While the Pleasanton Unified School District board and administration worries about the big picture in dealing with budget cuts, the district staff managers have been initiating savings behind the scenes.
One technique is obvious, according to LeeAnn Pomplun, director of purchasing, who deals with vendors.
"This past year, we've just started asking them, 'Is this the best you can do?'" Pomplun told the school board at its meeting Tuesday. She said vendors often know about the district's budget problems and are willing to help out.
"It's a $30 savings here and a $20 savings there," she said. "That can add up."
Pomplun said everyone in purchasing is making a concerted effort to negotiate, sometimes with big savings.
"That's what purchasing does every day," she said. "This is what we do all the time, and not only during the budget crunch. It really is a team effort."
One big cost-saver is piggybacking, which allows any state agency to buy at a cost already negotiated down by another agency, as long as it's exactly the same product.
Meanwhile, the school board may look into lowering the threshold for bids so that more contracts require direct board approval.
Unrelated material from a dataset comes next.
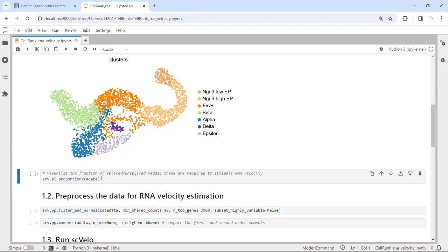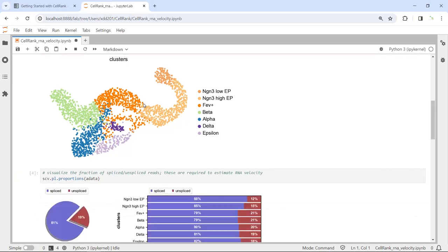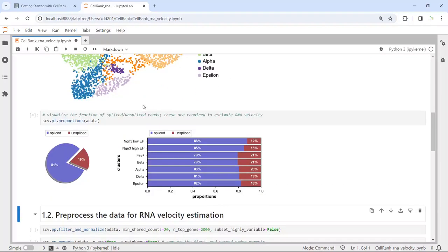We can look at the proportion of spliced and unspliced mRNA in this dataset. You can see we generated a figure — in total, 81% of mRNA is spliced and 19% is unspliced. Here are the proportions broken down in each cell cluster.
Currently, maintenance projects have a $15,000 cap before needing board approval, while others, for supplies, materials and services, have a $78,500 cap.
"I definitely think it's something we need to explore," board member Jamie Hintzke said.
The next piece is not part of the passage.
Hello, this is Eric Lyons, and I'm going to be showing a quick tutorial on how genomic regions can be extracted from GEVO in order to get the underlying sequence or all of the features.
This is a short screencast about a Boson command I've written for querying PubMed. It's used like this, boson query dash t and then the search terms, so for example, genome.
While lowering the amount required for board approval could save money, it could also mean extra work for administrators and a longer approval process, according to Luz Cazares, assistant superintendent of business services.
"It would probably add on something," she said. "We would have to tie that item to a board meeting. We do use some discretion about bringing items to the board."
Pomplun said the change could end up costing the district money if a bid needs to be re-advertised after being rejected by the board.
The board recently approved cutting an estimated $8 million for the 2010-11 school year after cutting $11 million for the current year and $2 million last year. Much of the shortfall is due to less state funding for schools although local developer fees, which in earlier years had provided $2 million and more to the district, have withered with the economy, providing only $300,000 this year.